Furthermore, each execution of a backup creation or restoration operation may set environmental variables to modify the backup algorithm, data access locations, or archive storage formatting. For the act of creating a backup archive, the Rake task supports the following environmental variable settings:

Environmental Variable
BACKUP
COMPRESS_CMD
CRON
GITLAB_BACKUP_ENCRYPTION_KEY
GITLAB_BACKUP_MAX_CONCURRENCY
GITLAB_BACKUP_MAX_STORAGE_CONCURRENCY
GZIP_RSYNCABLE
INCREMENTAL
PREVIOUS_BACKUP
REPOSITORIES_PATHS
REPOSITORIES_SERVER_SIDE
REPOSITORIES_STORAGES
SKIP_REPOSITORIES_PATHS
STRATEGY
Restoring a Point-In-Time Backup Archive
sudo gitlab-rake gitlab:backup:restore BACKUP=<backup_id> [env-overrides]
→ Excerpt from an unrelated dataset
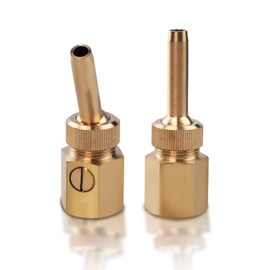 Pack of 2 Fountain Nozzle, Adjustable Straight Landscape Nozzle, Fountain Nozzle Made of Brass with 20 mm Female Thread, Fountain Nozzle with Valve for Museums, Fountains, Amusement Parks, Pond (6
Once a user has run the backup creation task successfully at some prior time, they will have access to an archive tarball file that may be used to restore the application data state to roughly that point in time. These archive files will be stored either on the local system in a specific directory, or in a cloud object storage bucket, depending on the system configuration. But once an administrator is sure that backups have been captured, they can request restoration of a particular backup using the gitlab-rake command shown above, where <backup_id> indicates the base file name of the backup tarball.

Running a restore operation will obliterate the current state of application data. Thus, the Rake task will pause to confirm the destructive action with the user before proceeding.

Default Backup Restoration Procedure

When a user executes the backup restoration Rake task, a sequence of steps are carried out that mirror the steps performed during the creation process. This sequence is outlined as follows:

  1. Create a temporary directory to serve as a working directory during restoration
  2. Fetch a copy of the target archive tarball and unpack its content inside the work directory
  3. Validate that the archive data is able to be restored:

    1. Read its backup metadata from the backup_information.yml file if exists.
    2. Verify the GitLab application version at the time of backup matches the current application version.
    3. Fail out of the whole restore process if any of these files do not exist, are malformed, or if the version does not match.
  4. Confirm the user wishes to destroy all current GitLab data before proceeding with restoration.
  5. Read and decompress each .sql.gz file corresponding to a known application database. Run the SQL content to overwrite the full state of each database.
  6. Fetch all repository bundle data stored in the repositories archive directory. Work with the Gitaly service to restore each repository to its expected storage location using the saved bundle data. find a .tar.gz file in the top archive directory that corresponds to the target feature. Decompress each feature tarball and read its binary file contents, copying to the appropriate blob storage configured for the system. This action is performed for each of the following features:

    • uploads
    • builds
    • artifacts
    • pages
    • lfs
    • terraform_state
    • registry
    • packages
    • ci_secure_files
  7. Reconfigure SSH access and rebuild an authorized_keys file by running GitLab Shell setup task.
  8. Clear any cache data.

As with the backup creation operation, there are numerous configuration file values and environmental variables that may alter how the restoration task is performed.